TimeOFF/Frank Wojciechowski
Dana and Ellen Charry have named one of the guest bedrooms the "Ten Commandments Room" because the shape of the windows is reminiscent of a tablet. The rounded-top windows, echoed on the exterior with similarly shaped shutters, are characteristics of Italianate architecture.


   "We picked out the colors," says Dr. Charry. "It all reflects my taste. We found some of the lighting fixtures and the seminary bought them." All the bathroom fixtures are new, some vintage, all the brass hardware has been polished, and the seminary landscaped the property last summer.
   On accepting the professorship, Dr. Charry selected 104 Mercer St. from the stock of available seminary housing, although she had to live in temporary quarters for the two years prior to Dr. Cassell’s retirement. Then it took a team of carpenters, painters, electricians and plumbers five-and-a-half months to complete the restoration.

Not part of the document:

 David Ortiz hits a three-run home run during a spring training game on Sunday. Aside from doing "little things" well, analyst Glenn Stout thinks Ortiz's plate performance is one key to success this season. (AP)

Even the kitchen, which had been redone for the Cassells, was further modernized with new stovetop and countertops, and the oak cupboards were refinished by hand. The seminary took care of storing the Charrys’ antique furnishings for the duration.
   In 1870, the original structure was three stories with two rooms on each floor, recounts Dr. Charry, standing in the light-filled sun room off the parlor where a jungle of house plants thrives. "It was a modest Victorian house and rooms were gradually added on to the back in three stages," she says. "The sun room was added first, to support the interior plumbing when bathrooms were built off the upstairs bedrooms." Crown molding in the parlor is original, but the Charrys added vintage ceiling medallions. Most rooms have marble fireplaces, although the one the couple uses is a brick fireplace in the den.

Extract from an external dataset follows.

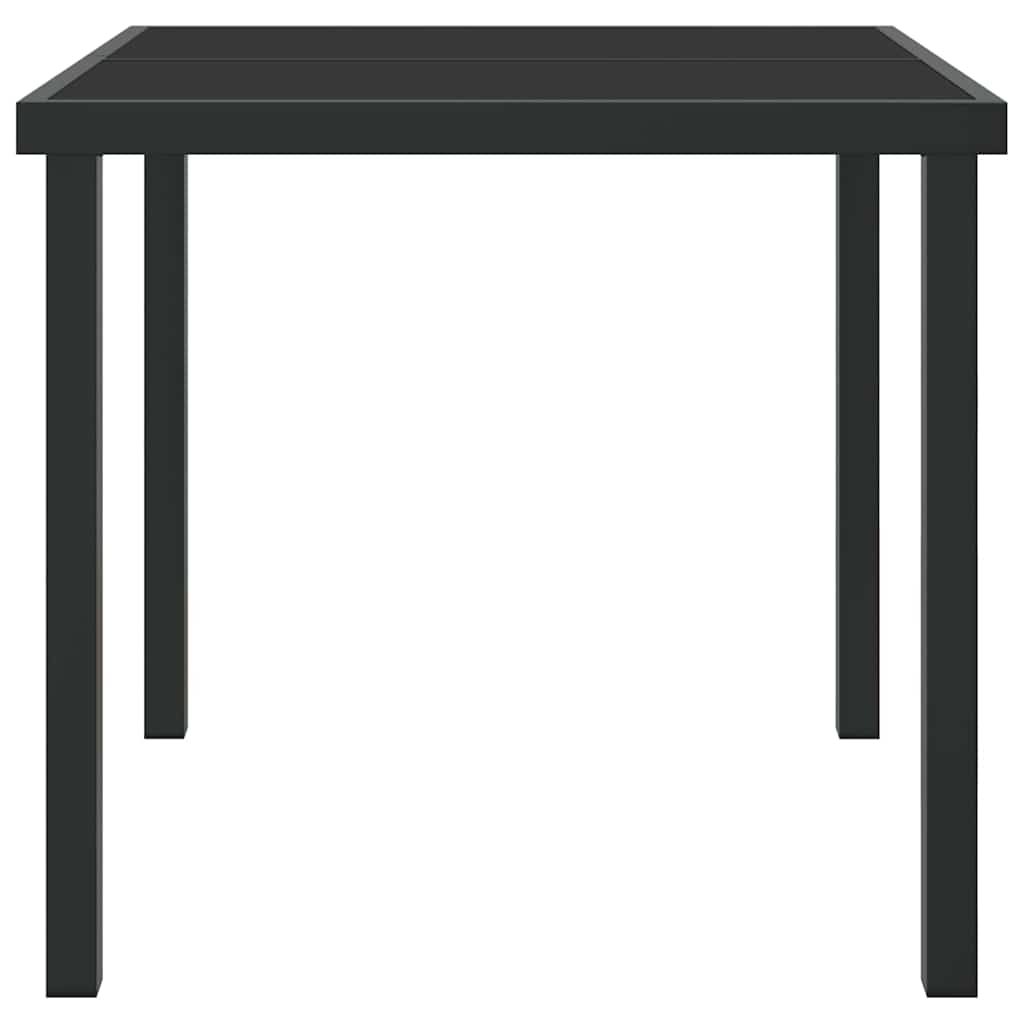 vidaXL Stół Ogrodowy Czarny 80 x 80 x 73 cm Metal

   The 14 rooms comfortably accommodate the antiques the family has collected over the years, everything from the refectory table and leather-topped monastery table from Dr. Charry’s mother-in-law to family heirlooms and pieces purchased while the couple lived in Lancaster County, Pa. In what was once a window from the dining room before the parlor was added, the seminary installed glass shelves to display the ruby cut-to-clear Czech glass collection (Dr. Charry switches to crystal in the warmer months).

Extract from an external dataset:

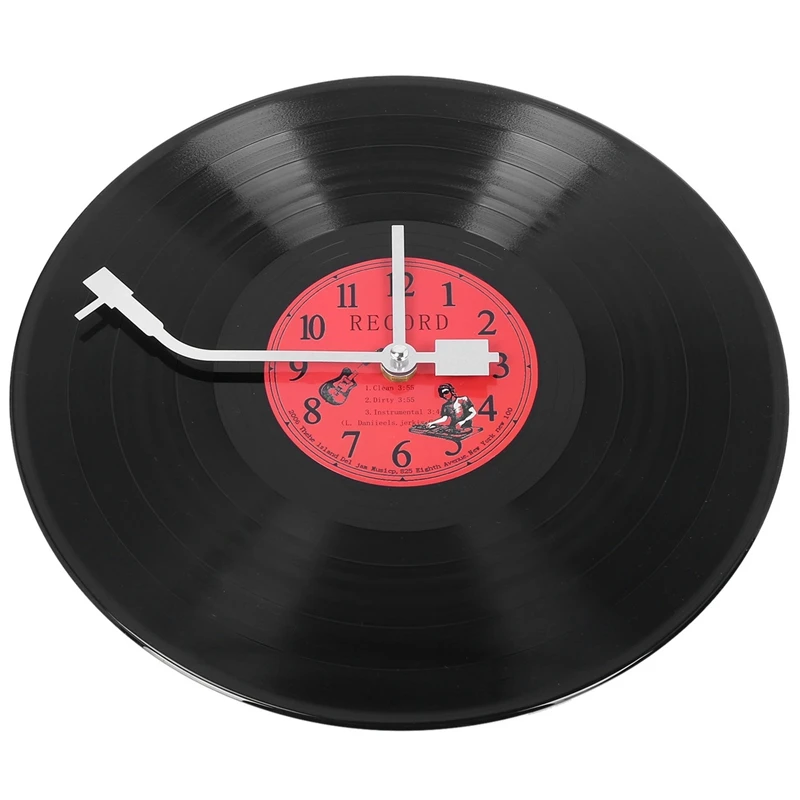 European Retro Nostalgic Ultra-Quiet Clock Vinyl Record Personality Wall Clock Cafe Bar Decorative Wall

   During the final years of the Greenbaums’ ownership, Mr. Greenbaum had been confined to a wheelchair and a first-floor room had been added for him. That room has been converted to Dr. Charry’s commodious home office — her husband’s home study is just off the master bedroom, with forest-green walls, a burnt sienna ceiling and Art Deco frieze. He does his paperwork at an old schoolteacher’s desk from the 1920s and has an oak armoire for a TV and VCR.

"One

TimeOFF/Frank Wojciechowski

   Perhaps one of the most exciting rooms in the house is the red-walled "archive room" on the second floor. Dana Charry collects books from the American Gilded Age, mostly literature and Victorian treatises on everything from childrearing to house building. The room is lined with these gold-embossed tomes in bookshelves and on mantels. There is a table and chairs from his mother for perusing the collection of old magazines, carefully organized in a cabinet that had been made for storing player-piano rolls, and a bureau with book-size drawers from the Pottstown, Pa., post office stores family memorabilia and ephemera. Pumpkin pine floors give a warmth to the archive room as well as Dana Charry’s study.
   Given the history of the seminarians who lived in the house, the Charrys have appropriately named one of the three guest bedrooms the 10 Commandments Room. "Its windows form the shape of a tablet," says Dr. Charry.
The Historical Society of Princeton’s Holiday Open House Tour Dec. 7 features seven private homes representing different eras and architectural styles decorated for the holidays by area garden clubs. Tickets cost $25 in advance at Bainbridge House, 158 Nassau St., Princeton, Tues.-Sun. noon-4 p.m., or Coleman’s Hamilton Supply, 65 Klockner Ave., Hamilton; $30 day of tour; $65 with tea at Jasna Polana. For information, call (609) 921-6748.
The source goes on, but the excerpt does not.